§ ACTIVITY
Start with the line that holds "In the Output". Please copy it and each remaining line below exactly, leaving pictures out.

╭─ INFORMATION SHOWN

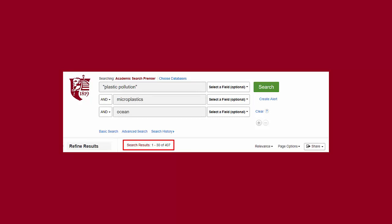I could just add microplastics as another keyword in another search box. Adding in the extra keywords took my number of results from over 500 to just over 400 results. Adding keywords to your search will help you to narrow your search results.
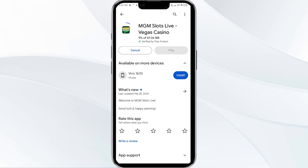If none of the above methods work, the issue may be that the BetMGM app server is down. In such cases, you may need to wait for some time and try again later. Thank you for watching our video — we hope these solutions help resolve the BetMGM app issue for you.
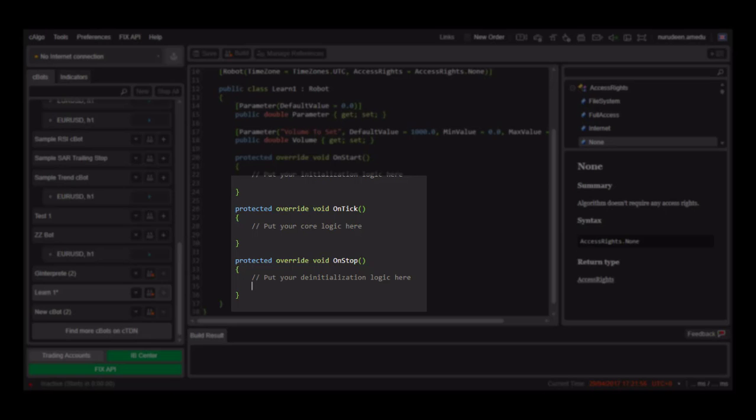The on-stop is run when the C-Bot is taken off the charts. Thanks for watching.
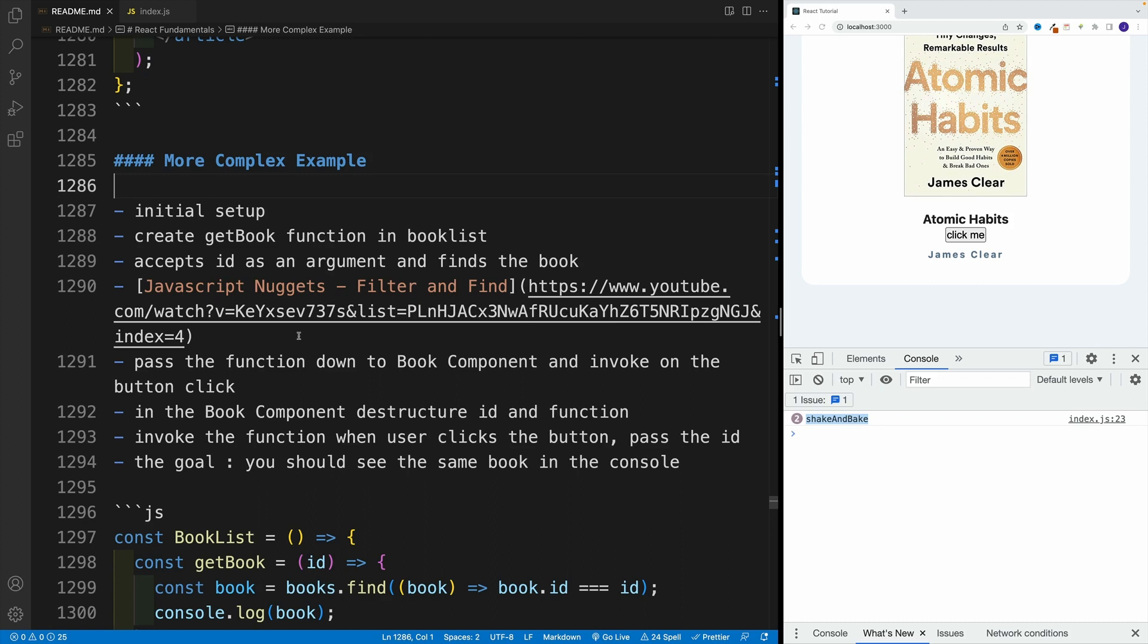Just set up the function, log the book that matches the ID that you passed in, and then pass that function down to a Book component and try to invoke it on a button click.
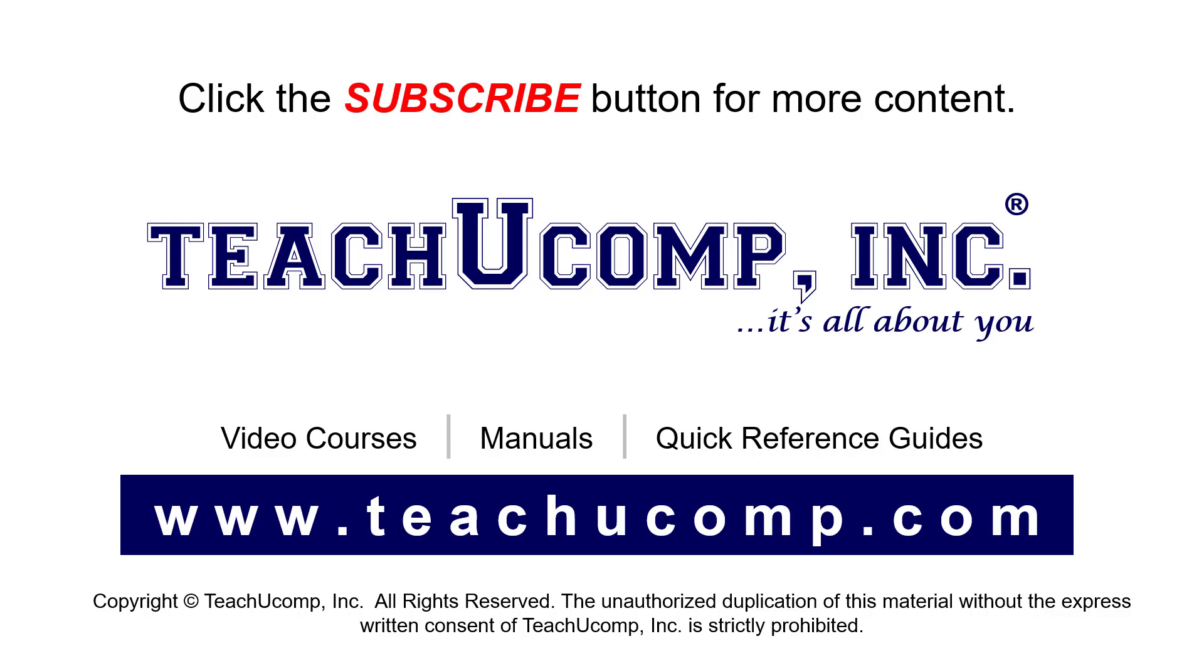If you like our video, click the button to subscribe to our channel and get easy access to new content. To see our full suite of ad-free video courses, instruction manuals, and quick reference guides, visit us at www.teachyoucomp.com.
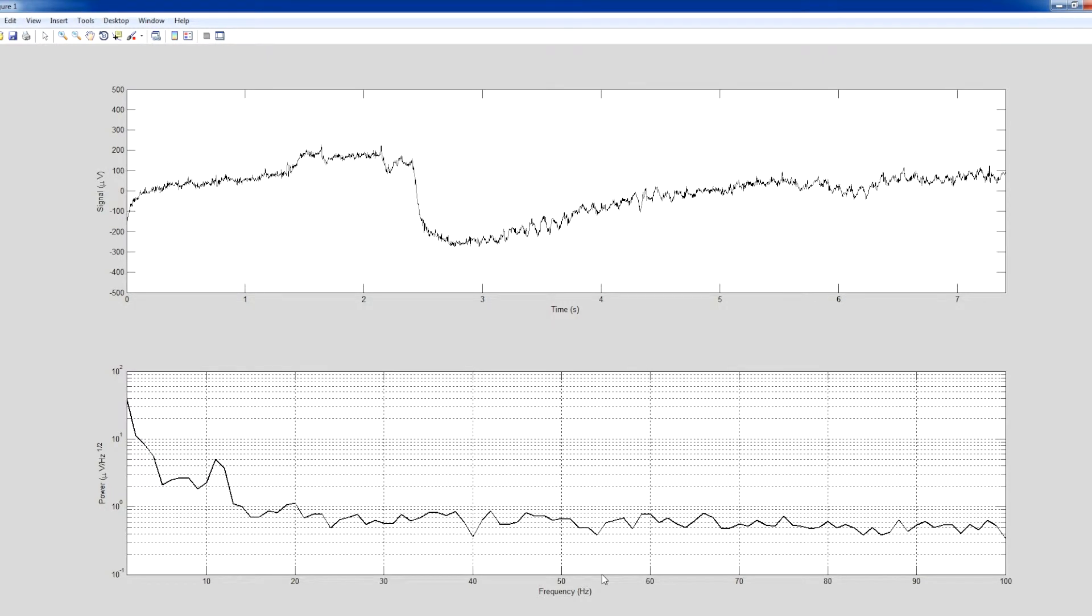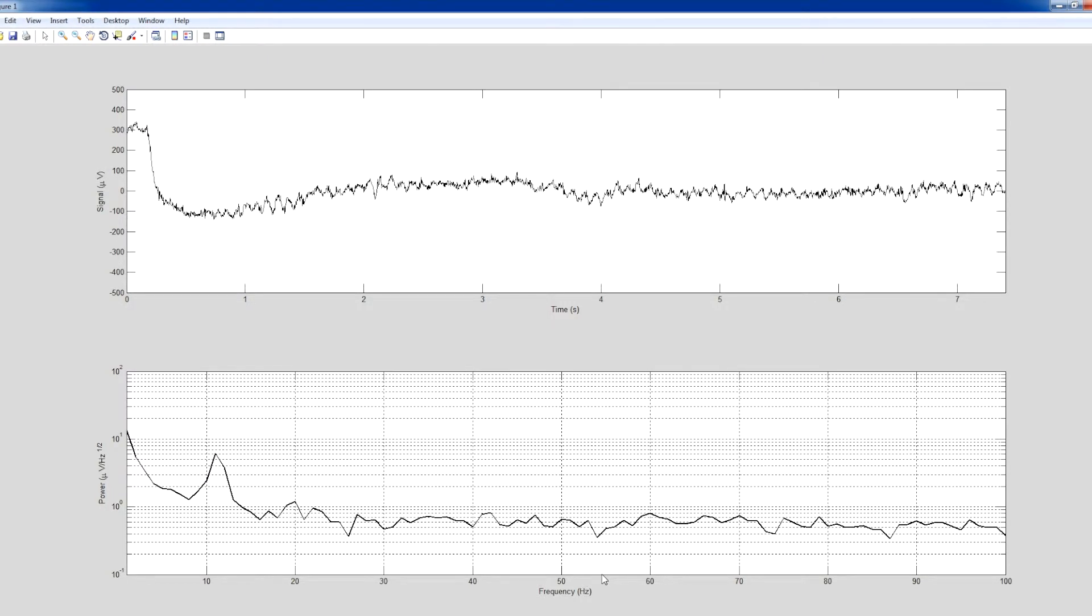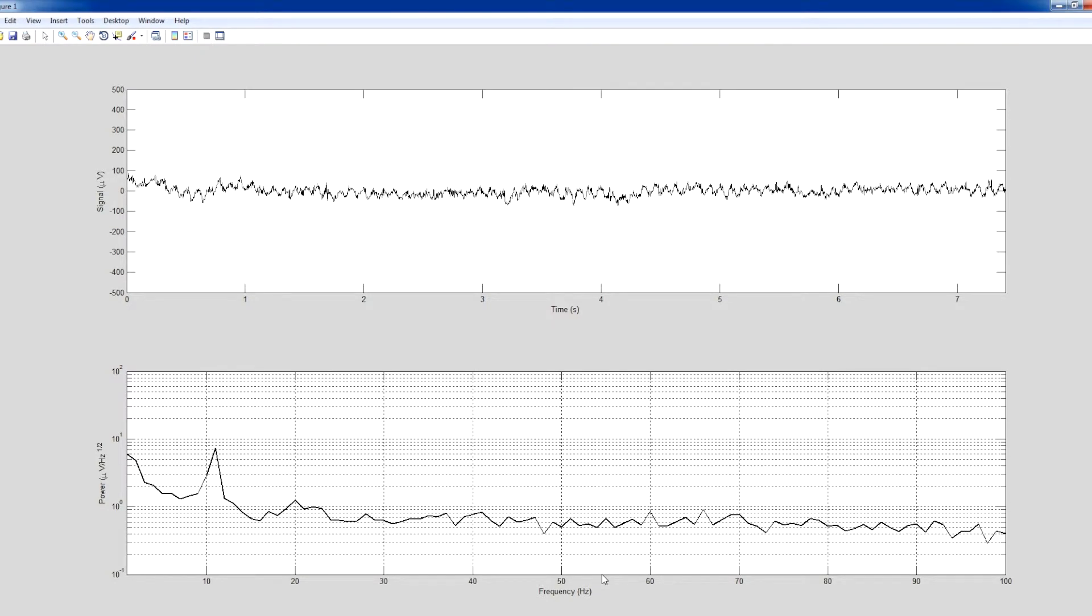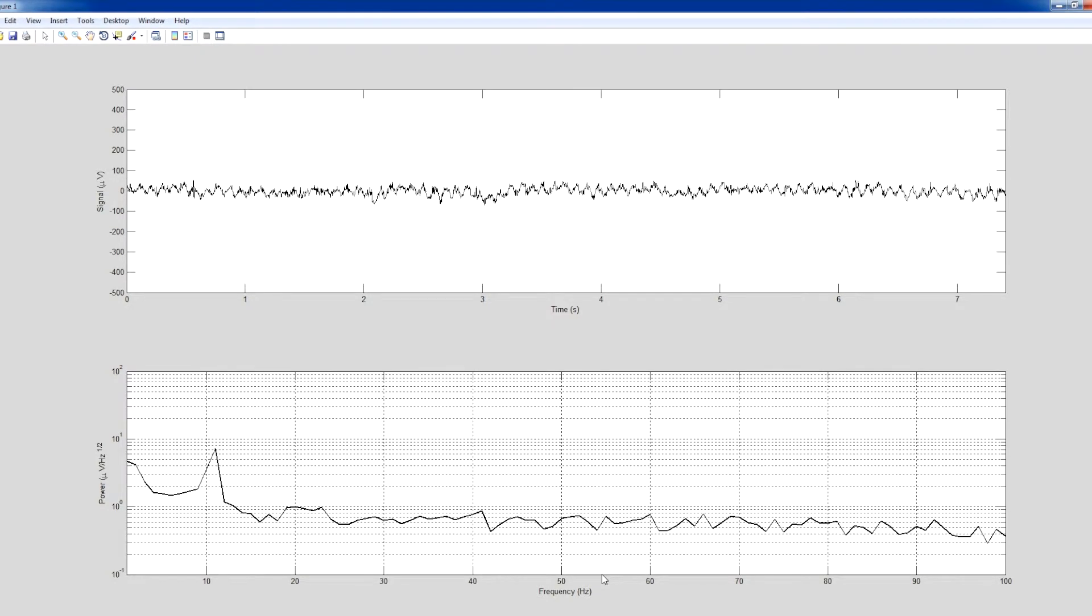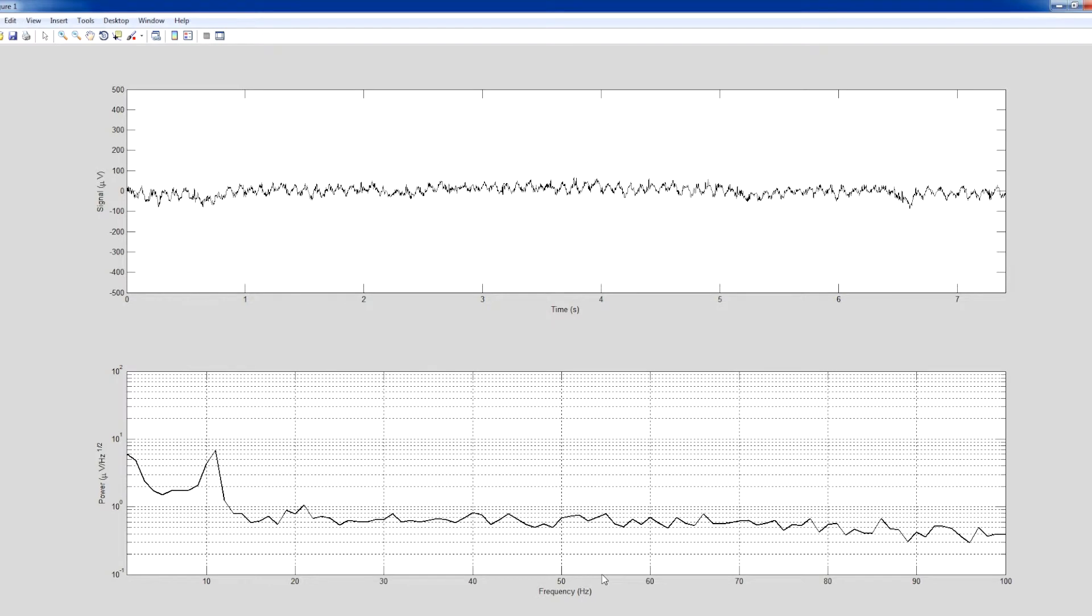Now let's look at what happens when the subject closes his eyes. As expected, we see alpha oscillations in the raw EEG and a buildup of energy at around 11 Hz in the power spectral density.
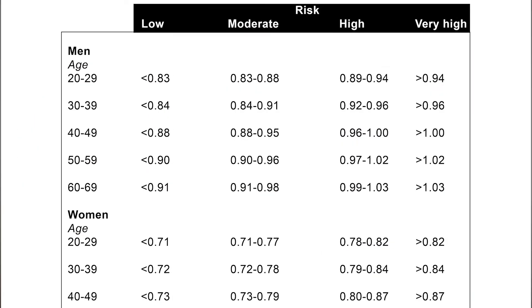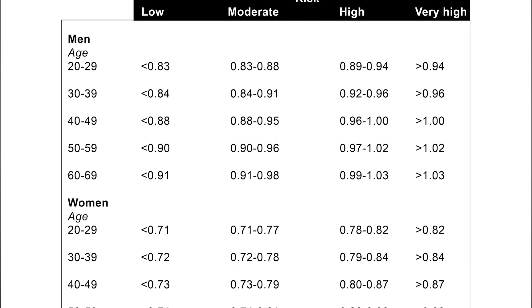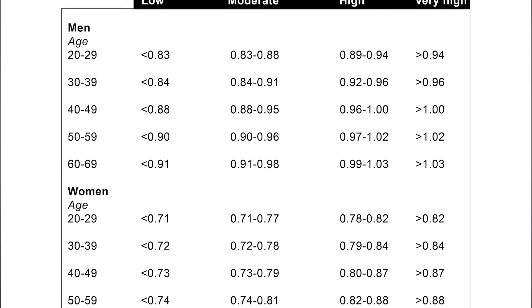Be sure that the tape measure for both of these measurements stays horizontal — level, and not going up or down. When you have these two measurements, take the number from your waist and divide it by the number from your hips. The resulting number is an indicator of your current body composition and the health risk it imposes.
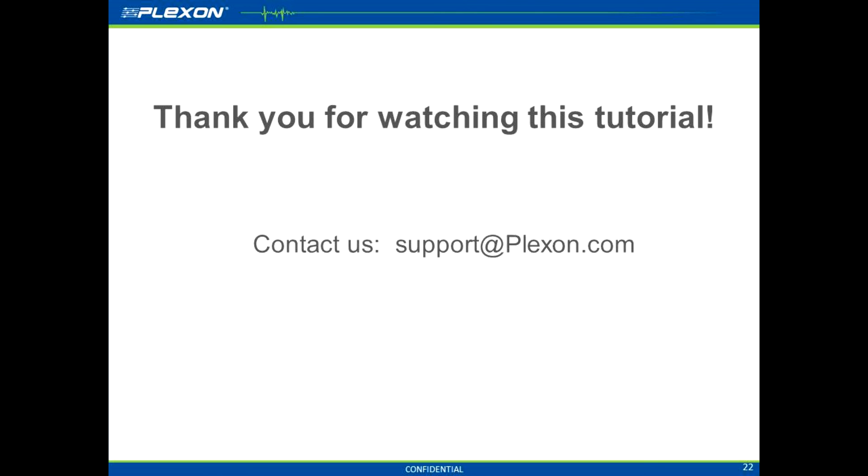For more information on topologies and system configurations, please see the Omniplex User Guide. Contact support at plexon.com if you need assistance with your Omniplex system. Thank you for watching this tutorial.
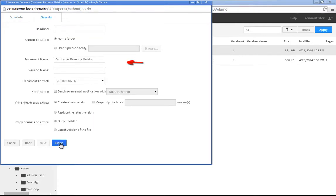In the Output Location property, select Home Folder, which will save the output to the Administrator's Home Folder.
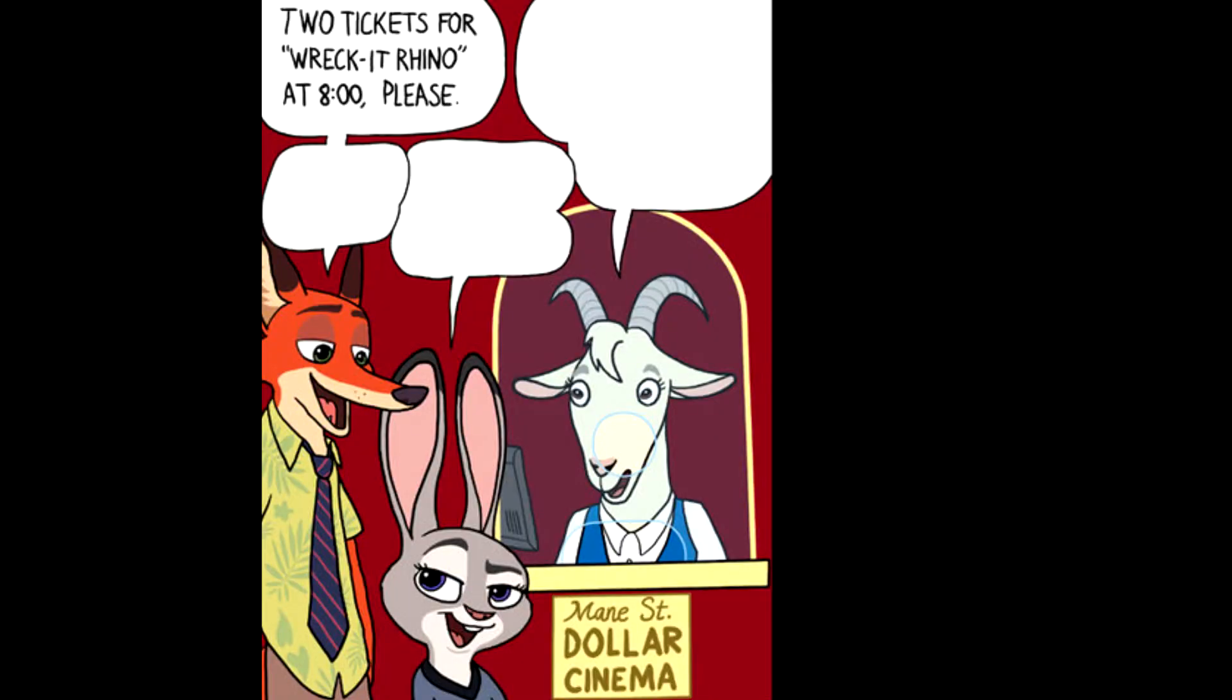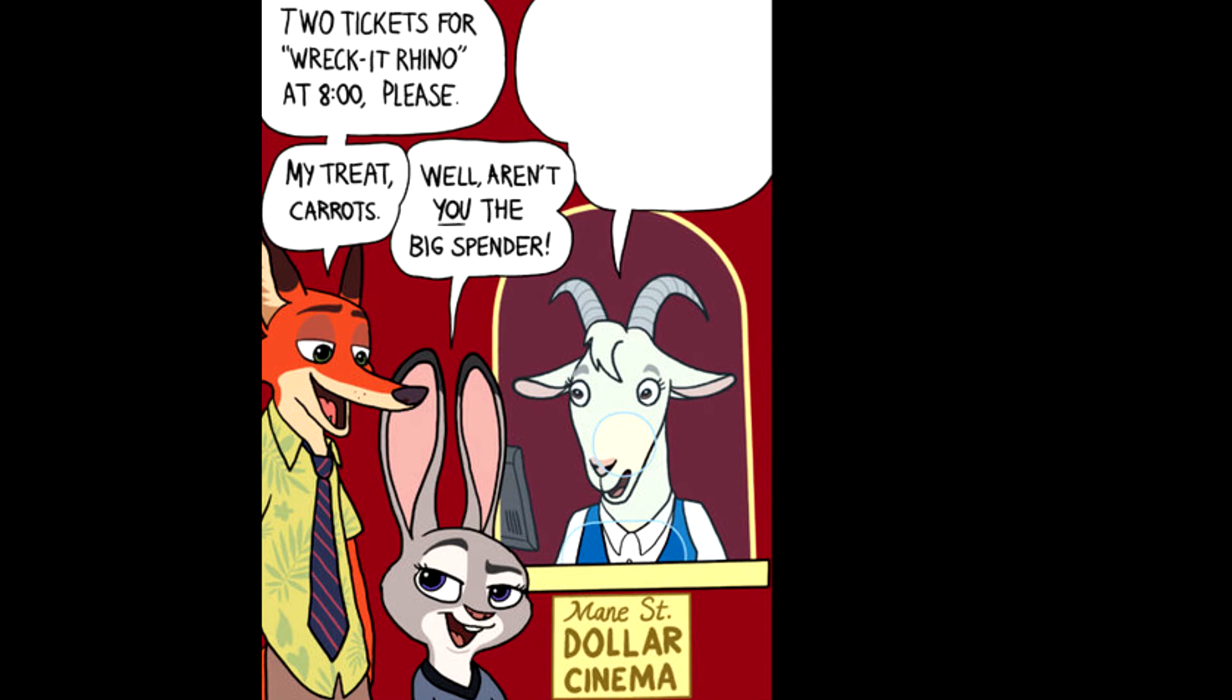Two tickets for Wreck-Rhyno at eight, please. My treat, Carrots. Well, aren't you the big spender? You sure you want to go with the eight o'clock? That's the sloth screening.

╰─

§ OUTPUT OF THE TASK
In the Output Location property, select Home Folder, which will save the output to the Administrator's Home Folder.
Two tickets for Wreck-Rhyno at eight, please. My treat, Carrots. Well, aren't you the big spender? You sure you want to go with the eight o'clock? That's the sloth screening.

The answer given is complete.